What this task involves: A single number is the answer here: how many lines of the entries contain "From"?

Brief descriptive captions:
---

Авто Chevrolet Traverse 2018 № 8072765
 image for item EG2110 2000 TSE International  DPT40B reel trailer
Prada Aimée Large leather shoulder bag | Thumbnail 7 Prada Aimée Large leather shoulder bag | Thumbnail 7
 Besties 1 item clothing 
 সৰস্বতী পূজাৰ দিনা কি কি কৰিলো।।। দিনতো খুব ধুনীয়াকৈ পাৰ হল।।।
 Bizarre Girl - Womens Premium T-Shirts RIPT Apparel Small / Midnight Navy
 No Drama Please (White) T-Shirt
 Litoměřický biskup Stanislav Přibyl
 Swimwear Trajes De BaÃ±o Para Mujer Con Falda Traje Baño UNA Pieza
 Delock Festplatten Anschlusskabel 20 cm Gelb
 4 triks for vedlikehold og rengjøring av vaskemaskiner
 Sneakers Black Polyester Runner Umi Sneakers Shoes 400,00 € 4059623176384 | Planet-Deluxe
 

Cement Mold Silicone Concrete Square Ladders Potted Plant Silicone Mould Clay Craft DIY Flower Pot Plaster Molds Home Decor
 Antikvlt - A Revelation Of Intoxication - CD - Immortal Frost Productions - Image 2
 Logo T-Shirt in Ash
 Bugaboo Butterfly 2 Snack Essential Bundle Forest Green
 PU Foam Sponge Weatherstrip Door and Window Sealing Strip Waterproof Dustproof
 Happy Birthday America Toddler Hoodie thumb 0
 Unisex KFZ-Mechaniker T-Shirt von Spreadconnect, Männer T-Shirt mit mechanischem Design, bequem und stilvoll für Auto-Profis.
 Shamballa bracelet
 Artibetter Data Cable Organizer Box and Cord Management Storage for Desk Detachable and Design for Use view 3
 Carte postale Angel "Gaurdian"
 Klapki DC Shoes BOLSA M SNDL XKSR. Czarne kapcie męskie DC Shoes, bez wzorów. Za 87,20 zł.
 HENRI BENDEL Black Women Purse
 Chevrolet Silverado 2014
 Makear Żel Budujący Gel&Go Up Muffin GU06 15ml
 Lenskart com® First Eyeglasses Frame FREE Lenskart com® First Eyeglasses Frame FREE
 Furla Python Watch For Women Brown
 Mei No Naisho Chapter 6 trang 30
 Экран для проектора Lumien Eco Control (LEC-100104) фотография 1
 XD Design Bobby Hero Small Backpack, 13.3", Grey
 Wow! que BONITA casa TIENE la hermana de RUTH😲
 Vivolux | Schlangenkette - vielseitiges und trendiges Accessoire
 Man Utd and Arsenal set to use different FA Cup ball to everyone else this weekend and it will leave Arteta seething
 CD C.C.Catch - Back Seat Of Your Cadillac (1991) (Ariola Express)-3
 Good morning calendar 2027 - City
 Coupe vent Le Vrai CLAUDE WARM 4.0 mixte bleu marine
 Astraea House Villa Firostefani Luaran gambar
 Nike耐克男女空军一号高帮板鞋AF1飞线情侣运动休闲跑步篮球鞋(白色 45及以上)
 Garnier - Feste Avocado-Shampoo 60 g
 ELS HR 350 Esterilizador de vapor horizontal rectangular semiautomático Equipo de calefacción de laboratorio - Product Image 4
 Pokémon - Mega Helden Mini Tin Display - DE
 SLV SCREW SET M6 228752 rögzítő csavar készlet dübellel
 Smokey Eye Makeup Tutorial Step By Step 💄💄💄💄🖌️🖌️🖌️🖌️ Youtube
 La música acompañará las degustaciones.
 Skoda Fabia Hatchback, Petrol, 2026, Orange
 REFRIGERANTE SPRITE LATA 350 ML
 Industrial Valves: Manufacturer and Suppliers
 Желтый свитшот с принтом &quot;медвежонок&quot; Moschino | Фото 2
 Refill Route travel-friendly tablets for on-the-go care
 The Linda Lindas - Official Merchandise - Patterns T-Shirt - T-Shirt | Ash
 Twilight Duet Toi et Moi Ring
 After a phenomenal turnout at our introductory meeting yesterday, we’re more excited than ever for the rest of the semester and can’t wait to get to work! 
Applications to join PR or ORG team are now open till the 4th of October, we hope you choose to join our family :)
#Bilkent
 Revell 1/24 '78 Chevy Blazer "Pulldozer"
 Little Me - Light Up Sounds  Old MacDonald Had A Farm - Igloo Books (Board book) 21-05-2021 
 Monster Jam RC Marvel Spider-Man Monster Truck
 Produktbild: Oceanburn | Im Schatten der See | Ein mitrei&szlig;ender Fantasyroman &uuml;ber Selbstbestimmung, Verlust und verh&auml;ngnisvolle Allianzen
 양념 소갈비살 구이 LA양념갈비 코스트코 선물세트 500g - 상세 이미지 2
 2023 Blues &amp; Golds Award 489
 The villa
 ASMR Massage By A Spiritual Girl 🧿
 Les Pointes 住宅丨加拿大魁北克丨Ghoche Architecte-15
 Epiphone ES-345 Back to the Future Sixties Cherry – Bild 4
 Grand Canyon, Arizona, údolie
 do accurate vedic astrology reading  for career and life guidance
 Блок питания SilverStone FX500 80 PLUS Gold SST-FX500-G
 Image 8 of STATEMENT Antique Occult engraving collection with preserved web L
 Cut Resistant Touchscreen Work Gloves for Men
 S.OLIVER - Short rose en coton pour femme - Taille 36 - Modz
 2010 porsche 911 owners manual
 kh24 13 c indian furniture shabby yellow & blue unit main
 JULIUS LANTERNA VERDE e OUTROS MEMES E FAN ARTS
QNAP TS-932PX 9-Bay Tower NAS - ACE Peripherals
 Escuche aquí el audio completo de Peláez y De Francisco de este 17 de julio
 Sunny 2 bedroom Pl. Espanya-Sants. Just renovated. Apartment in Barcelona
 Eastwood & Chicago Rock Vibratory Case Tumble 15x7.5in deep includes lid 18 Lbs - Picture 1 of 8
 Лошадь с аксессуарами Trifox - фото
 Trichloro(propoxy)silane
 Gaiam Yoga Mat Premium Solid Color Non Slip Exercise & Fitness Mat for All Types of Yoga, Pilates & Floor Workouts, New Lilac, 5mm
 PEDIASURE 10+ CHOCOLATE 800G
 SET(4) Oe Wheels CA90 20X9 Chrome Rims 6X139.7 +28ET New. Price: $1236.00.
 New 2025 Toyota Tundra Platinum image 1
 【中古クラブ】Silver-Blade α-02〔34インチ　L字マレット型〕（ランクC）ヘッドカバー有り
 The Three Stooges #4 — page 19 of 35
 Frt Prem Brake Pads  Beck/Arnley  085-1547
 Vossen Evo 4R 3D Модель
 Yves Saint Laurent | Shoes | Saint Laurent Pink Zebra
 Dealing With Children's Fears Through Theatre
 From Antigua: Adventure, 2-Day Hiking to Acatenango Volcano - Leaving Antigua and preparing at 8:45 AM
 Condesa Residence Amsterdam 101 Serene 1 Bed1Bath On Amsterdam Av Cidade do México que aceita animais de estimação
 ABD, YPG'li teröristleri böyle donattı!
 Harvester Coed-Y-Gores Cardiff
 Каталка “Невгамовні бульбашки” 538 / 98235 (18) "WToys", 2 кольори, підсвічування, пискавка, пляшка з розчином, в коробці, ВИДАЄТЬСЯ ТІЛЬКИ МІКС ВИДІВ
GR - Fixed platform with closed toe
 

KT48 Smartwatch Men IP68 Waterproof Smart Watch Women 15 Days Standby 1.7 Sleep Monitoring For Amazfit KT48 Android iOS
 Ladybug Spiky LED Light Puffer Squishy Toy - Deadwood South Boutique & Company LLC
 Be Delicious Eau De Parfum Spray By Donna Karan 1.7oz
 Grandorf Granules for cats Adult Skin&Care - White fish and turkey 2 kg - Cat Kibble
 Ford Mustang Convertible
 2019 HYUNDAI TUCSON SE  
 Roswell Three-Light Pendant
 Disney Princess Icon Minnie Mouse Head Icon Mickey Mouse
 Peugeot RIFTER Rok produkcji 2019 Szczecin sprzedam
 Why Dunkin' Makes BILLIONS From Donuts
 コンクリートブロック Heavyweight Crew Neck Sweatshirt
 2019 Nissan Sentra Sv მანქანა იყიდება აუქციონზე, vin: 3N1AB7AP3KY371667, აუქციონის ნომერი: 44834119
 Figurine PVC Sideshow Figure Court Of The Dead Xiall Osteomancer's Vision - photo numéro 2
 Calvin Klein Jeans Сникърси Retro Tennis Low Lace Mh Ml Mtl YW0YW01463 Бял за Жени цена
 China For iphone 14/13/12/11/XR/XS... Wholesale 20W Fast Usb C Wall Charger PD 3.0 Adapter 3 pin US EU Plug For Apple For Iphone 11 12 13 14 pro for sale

---

Exercise result: 2